By Julie M. Simon New World Library, 2012 Review by Lynne Trevisan on Oct 8th 2013
The title does not do this book justice. In fact, in this author's opinion, the title limits the number of people who will read this book because many will think "I am not an emotional eater; therefore, I do not need this book." The tools the author shares in the book help address any person's self-destructive habit that comes from an emotional point of view, whether it is food, shopping, drugs, alcohol, sex, or any other behaviors that the person then feels guilty about after giving in to the temptation. She shares methods of capturing negative self-talk and ways to change the negative to positive. She also addresses methods of how to grieve for life's disappointments as well as traumas. Simon shares how to build a life that includes nurturing oneself and soothing the pain in a productive, healthy manner.
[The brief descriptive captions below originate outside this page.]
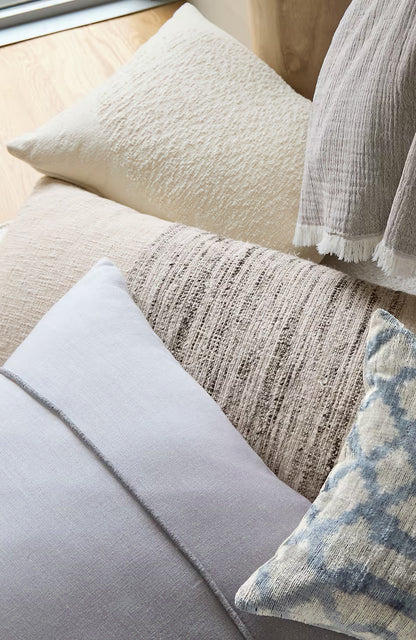 Elements Neutral Textured Pillow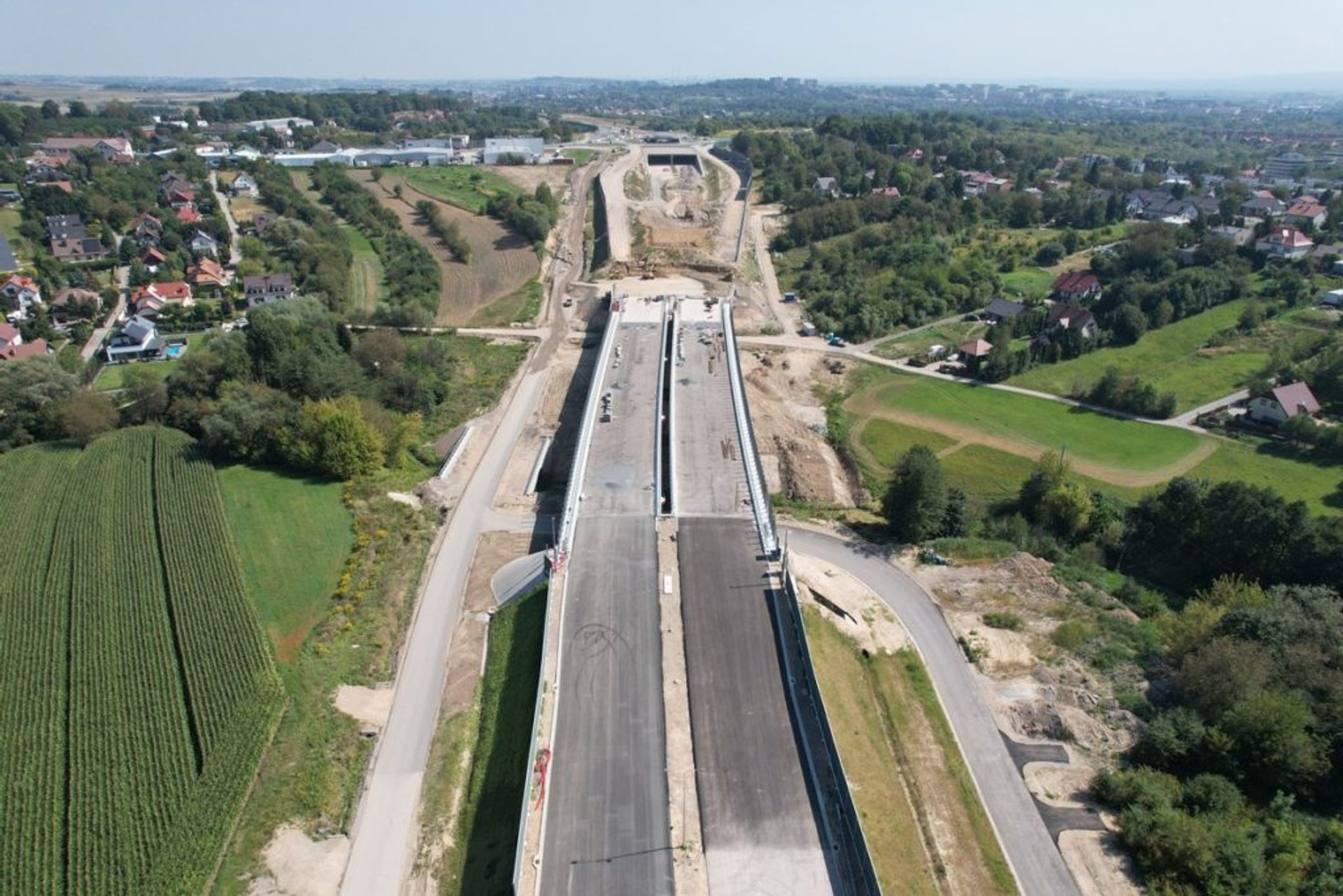 Trwa budowa S52 Północnej Obwodnicy Krakowa 
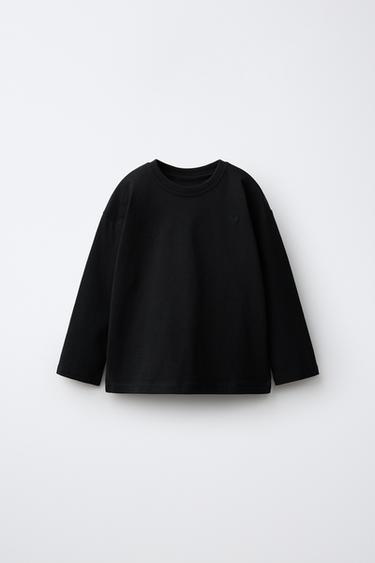 Zara Футболка с вышивкой «сердце»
Additionally, she shares how chemical imbalances can lead to overeating, how to pay attention to the signals our body produces, and how sleep impacts weight, which has a major impact on the body's ability to release excess weight because it controls the amount of ghrelin produced. With the book, Simon tells how hidden health problems can impact weight gain as well as holding on to fat so the person who is trying to lose weight cannot. Of interest is the perspective regarding exercise. In the book, Simon states "when you're not exercising regularly, you may feel disconnected from your body signals and ignore early warning signs of illness" (2013, p. 223). She also discusses the benefits of exercise that we all know such as, "increases your metabolic rate, helps burn calories, and relieves stress" (2013, p. 223). Simon then addresses the reasons we make excuses to not exercise. Once again, negative self-talk plays a role and Simon reveals approaches to overcoming the self-talk.
Next, Simon covers filling ourselves up spiritually. She suggests finding quiet time to just be one with self. She offers prayers that help us to let go of past hurts and anger, and to accept what is in our lives. Next, finding purpose and meaning in our lives is imperative to moving forward. She provides techniques to address the boredom of routine work, reframing negative thoughts, and making a positive contribution to someone else's life. We all have something significant to contribute, even if it doesn't feel like we are contributing something significant. Being able to recognize that what we do impacts someone else in a positive way shows us we have purpose. If that element is not present in life, then it is helpful to create the opportunity for doing so through volunteering.
Finally, and in my opinion most importantly, Simon addresses having gratitude for everything in our lives. Oprah suggested in her television show many years ago that we have gratitude for everything, including the challenging issues that make us stressed or the traumas we encounter for those are the times we learn the greatest lessons. Being quiet and focused may allow us to know what the lesson is. Regardless, being thankful for all of the blessings we have in our lives is essential.
It was a pleasure reading this book because I saw many of my own as well as loved one's behaviors throughout the book. I have recommended it to many and hope it helps those who do read it to rise above.